Ein Pferd in der Badewanne?

Brrrrr.....


Wasser und Seife ist nichts für deinen Ponyfreund, sage ich dir. 'tschuldigung, ich habe mich noch nicht vorgestellt: Mein Name ist Silver. Ich bin ein Welsh-Mountain-Schimmelhengst und gerade 12 Jahre alt. Silver ist englisch und bedeutet Silber. Meine Freundin Sabine nennt mich so, weil mein Fell im Sonnenlicht wie blankes Silber glänzt. Doch das hat überhaupt nichts damit zu tun, daß mein prächtiges Fell regelmäßig mit Badewasser malträtiert wird. Iiii, bewahre.

Im Land meiner Ahnen, den Welsh Mountains in Großbritannien, leben Ponys wie ich in großen Herden monatelang ganz allein auf sich gestellt, ohne daß sich überhaupt eine Menschenseele blicken läßt. Gras gibt es in den Bergen ausreichend. Was die Fellpflege betrifft, so kraulen sich die Familienmitglieder einer Herde gewöhnlich gegenseitig die Mähnen und den Rest besorgen Wind und Regen sowie ein gelegentliches Sandbad.



Sandbad?

Ganz recht, Sandbad! Vielleicht hast du ja schon einmal gesehen, wie sich ein Pony am Boden wälzt und dabei genüßlich seinen Rücken schubbert. Das ist noch die Erinnerung an ein richtiges Sandbad, und so etwas ist herrlich, sage ich dir. Der Sand dringt dir bis auf die Haut, schmirgelt dort die juckenden Stellen und reibt abgestorbene Hornhautteilchen oder auch lästige Insekten einfach fort. Anschließend steht man auf und schüttelt sich von vorn bis hinten, daß Staub, Haare und Sand in hohem Bogen aus dem Pelz fliegen. Sollte noch Sand zwischen den Haaren kleben bleiben, dann pustet ihn der Wind aus dem Fell oder er fällt nach einer gewissen Zeit einfach von selbst heraus. So lasse ich mir Fellpflege gern gefallen.



Aber Wasser und Seife?

Eines Tages kam sie doch tatsächlich mit einem Eimer und einer verdächtig aussehenden Flasche an - Sabine, meine ich. Neugierig und arglos lief ich auf sie zu, denn meistens hat sie irgend etwas Schönes für mich in der Tasche stecken - einen Apfel, eine Wurzel oder manchmal sogar einen Ponywürfel.
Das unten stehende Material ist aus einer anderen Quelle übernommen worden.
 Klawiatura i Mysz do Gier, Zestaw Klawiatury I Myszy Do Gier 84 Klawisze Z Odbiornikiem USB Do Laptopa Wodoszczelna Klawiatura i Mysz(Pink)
Diesmal steckte sie mir mit einem zuckersüßen Lächeln einen Ponywürfel zwischen meine suchenden Lippen, herzte und koste mich überschwenglich, was schon ahnen ließ, daß sie nichts Gutes im Schilde führte...

Wollte sie mich doch tatsächlich waschen! Ich war von den Socken. Ich sähe ganz fürchterlich aus mit dem ganzen Stroh und Mist in meinem Schweif, säuselte sie honigsüß. Ich war beleidigt. Und das nach allem, was ich schon für sie getan habe! Na, der habe ich aber meine Meinung geblasen. Über die ganze Weide mußte sie mich jagen. Das hat mir allerdings Spaß gemacht und meine Stimmung besserte sich zunehmend, so daß mir meine Freundin Sabine wieder beinahe ein bißchen leid tat und mich die unflätigen Schimpfworte über mein Aussehen, die sie inzwischen gar nicht mehr honigsüß zwischen den zusammengebissenen Zähnen hervorstieß, nicht mehr verletzen konnten, schweißgebadet und staubverkrustet wie sie selber war.
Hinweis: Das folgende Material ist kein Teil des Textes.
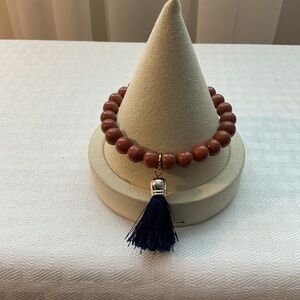 Terracotta Acrylic Gold Tone Tassel Stretch Bead Bracelet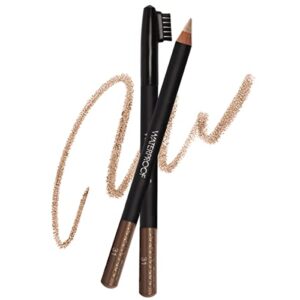 sorme natural definitive waterproof eyebrow pencil 0.04 oz | smudgeproof soft blonde eye brow pencil | dual purpose brow pencil and brush combo | high definition waterproof eyebrow makeup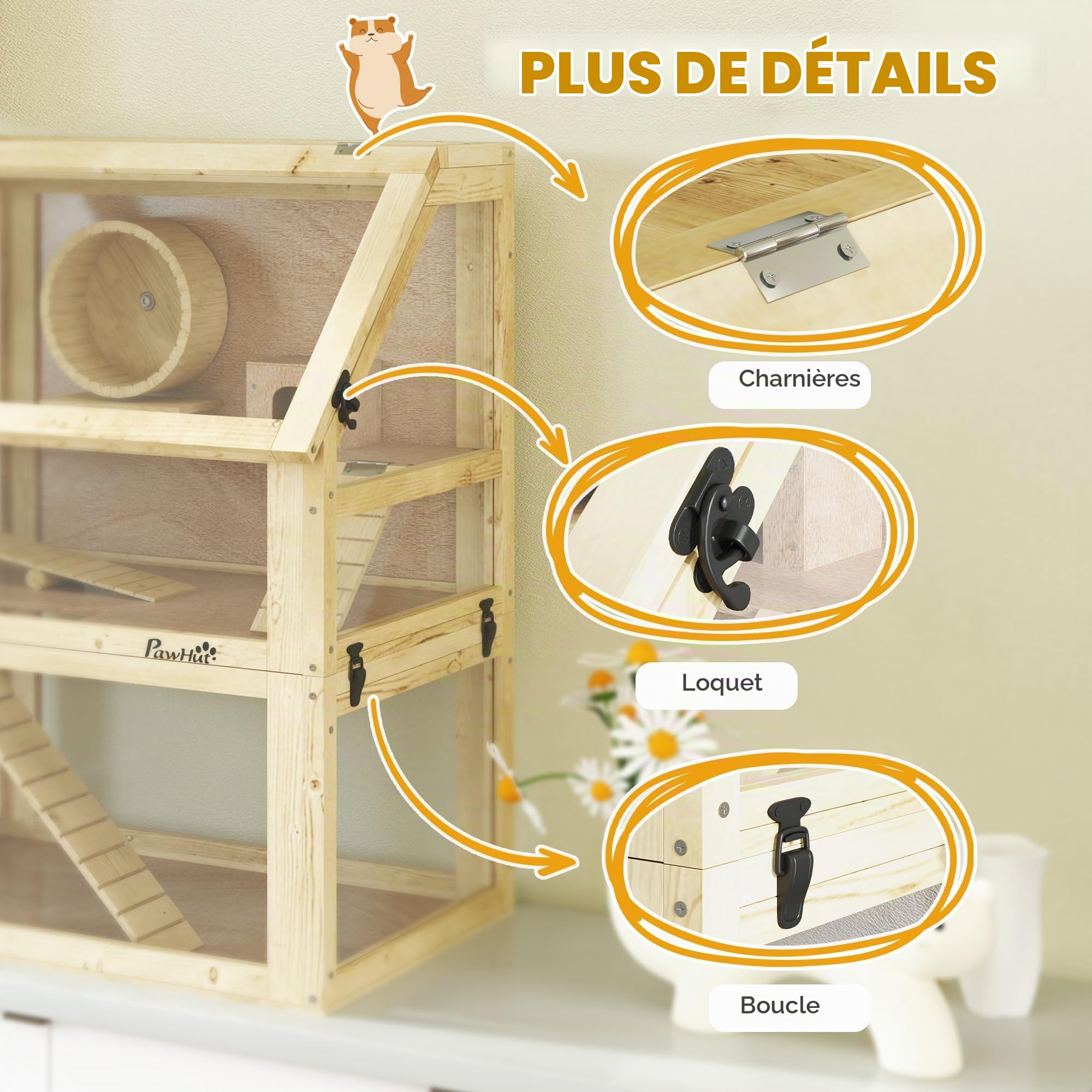 PawHut Cage à hamster en bois 3 étages finition bois naturel | Gerbil Cage amovible de 32 cm de profondeur, cabane, balançoire, roue d'exercice, rampes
Schließlich war sie völlig aus der Puste; und in aufgekratzter und somit großzügigster Stimmung, in der ich gerade war, ließ ich mich auf einen Kompromiß ein, der auch keinem anderen Pony schaden wird. Schließlich gibt es hierzulande kaum noch geeignete Sandlöcher auf den Weiden für ein herzhaftes Sandbad, so daß wir ohnehin auf Striegel und Bürste und die Hilfe unserer Menschenfreunde angewiesen sind.

Meinen manchmal doch recht schmuddeligen und verklebten Schweif darf Sabine jeder Zeit mit warmem Wasser und einem "Pferdepflegeshampoo" waschen. Wenn es im Sommer richtig heiß ist, lasse ich sie auch an meine Mähne. Dabei paßt sie auf, daß mir kein Shampoo in die Augen rinnt. Wenn es lange nicht geregnet hat, ist eine sanfte, kühle Dusche aus dem Wasserschlauch sogar recht wohltuend. Allerdings darf das Wasser nicht zu kalt sein, sonst können Pferde, die durch Arbeit oder Sonnenwärme erhitzt sind, einen Kreislaufkollaps erleiden.

Seife soll trotz alledem niemals für das ganze Pony verwendet werden. Seife zerstört das schützende Körperfett im Fell, und das ist ja gerade wichtig, damit wir Ponys auch einen Regenguß im Freien unbeschadet überstehen. Das Wasser perlt nämlich an unserem Haarfett ab. Nach einer natürlichen Regendusche schüttele ich mich einmal kräftig und bin in Nullkommanichts wieder trocken.

Pferdebrüder, die im Stall schlafen und nicht, wie ich, das ganze Jahr über auf der Weide leben, haben es da nicht so leicht. Ihr Fell ist oftmals so dünn, daß jeder Wasserguß gleich bis auf die Haut geht. Wenn sie da an einen verantwortungslosen Reiter geraten, der sie nicht ordentlich trockenrubbelt und solange herumführt, bis das Fell nicht mehr naß ist, können sie sich im zugigen Stall böse erkälten. Da ist es denn doch besser, ihnen noch eine Weile eine dünne Decke überzulegen, auch wenn sie dann ein beleidigtes Gesicht ziehen. Mit einem Pferdeschnupfen oder -husten ist man doch um einiges schlimmer dran.

So, genug gewiehert, es zieht mich mächtig zu einem Büschel Gänseblümchen dort drüben, in die ich jetzt meine Nase stecken werde.